Marrero fordert die kubanischen Kommunisten auf, ihre Denkweise zu flexibilisieren: „Wir dürfen keine Angst vor Veränderungen haben.“



Manuel MarreroFoto © Manuel Marrero auf X

Der kubanische Premierminister, Manuel Marrero Cruz, forderte die kommunistischen Führer auf, “eine radikale Veränderung der Mentalität” angesichts des wirtschaftlichen Verfalls, den das Land durchlebt, zu übernehmen, und warnte gleichzeitig, dass “man nicht so handeln könne, als ob alles normal wäre”.

Während einer Sitzung des Provinzregierung Rates in Ciego de Ávila erkannte Marrero an, dass Kuba praktisch eine "Kriegswirtschaft" lebt und dass das Jahr 2026 von tiefgreifenden Veränderungen geprägt sein wird.

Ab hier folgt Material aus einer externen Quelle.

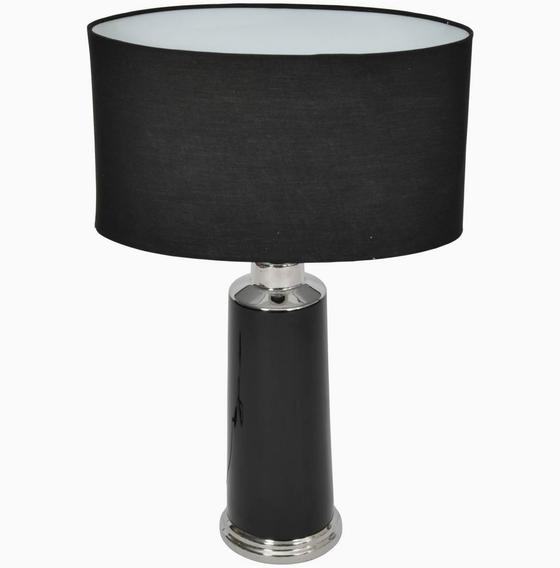 Lampe | Tischleuchte / Porzellanlampe Rosie - Schwarz/Silber
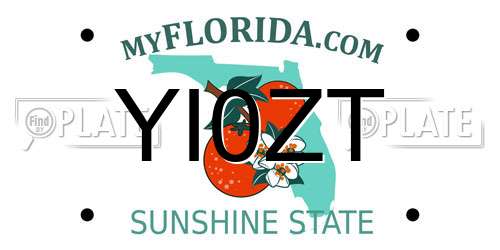 YI0ZT Florida License Plate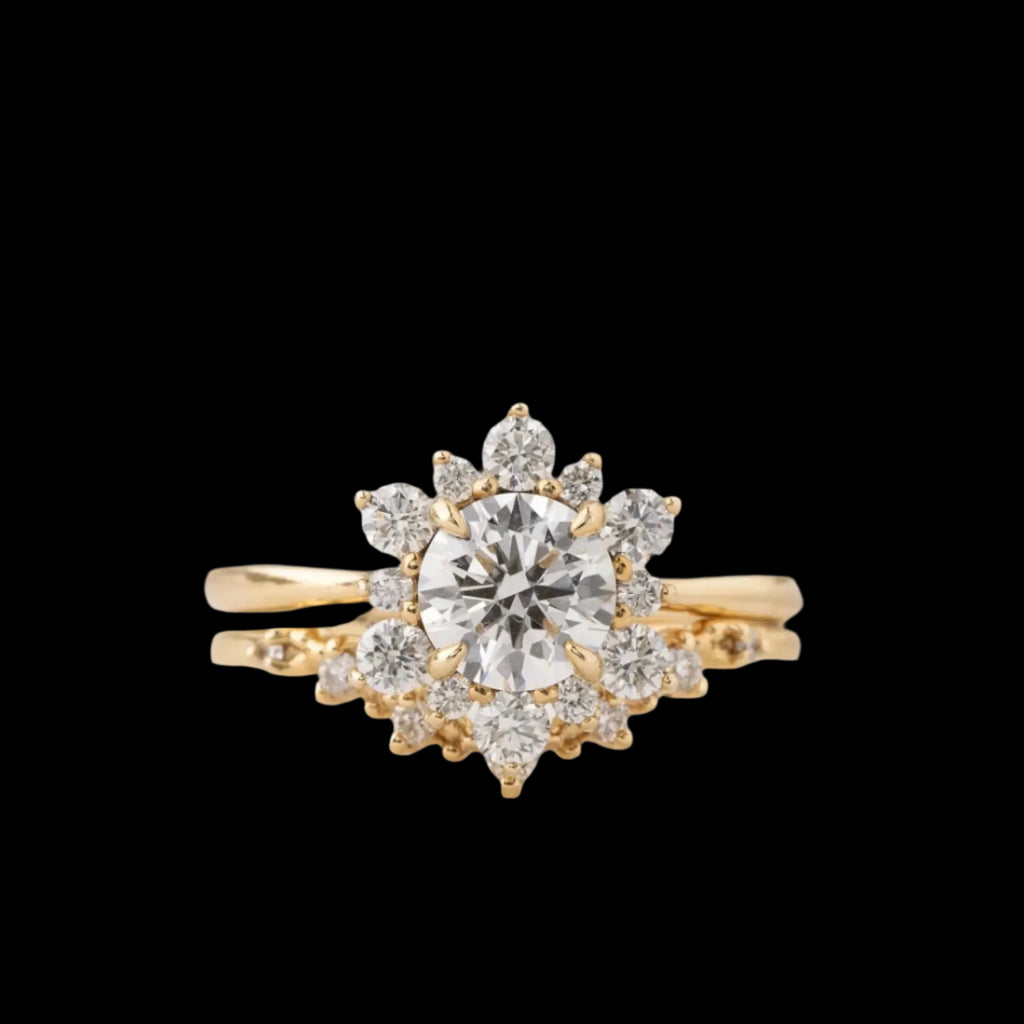 1ct Round Lab Grown Diamond Halo Engagement Ring  IGI certified diamond DisneyValley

Der Regierungschef erklärte, dass die Gemeinden aufhören sollten, „passive Glieder“ zu sein, und stattdessen zu Protagonisten der lokalen Entwicklung werden sollten, indem sie die Produktion aus ihren eigenen Ressourcen vorantreiben.

„Wenn man vorankommen möchte, muss man die Dinge anders angehen und keine Angst vor Veränderungen haben“, betonte er.

In einem Kontext, der durch den Druck der Vereinigten Staaten nach der Festnahme von Nicolás Maduro Anfang Januar und die wachsende Abhängigkeit von Russland und China geprägt ist, beginnt das Regime, die Bevölkerung auf neue Anpassungsmaßnahmen vorzubereiten.

Marrero wiederholte seine Schuldzuweisungen an das Embargo und die „Feindseligkeit“ der USA für die wirtschaftliche und politische Krise, die das Land durchlebt. In seiner Rede lässt er jedoch durchblicken, dass Havanna versucht, unvermeidliche interne Veränderungen zu normalisieren.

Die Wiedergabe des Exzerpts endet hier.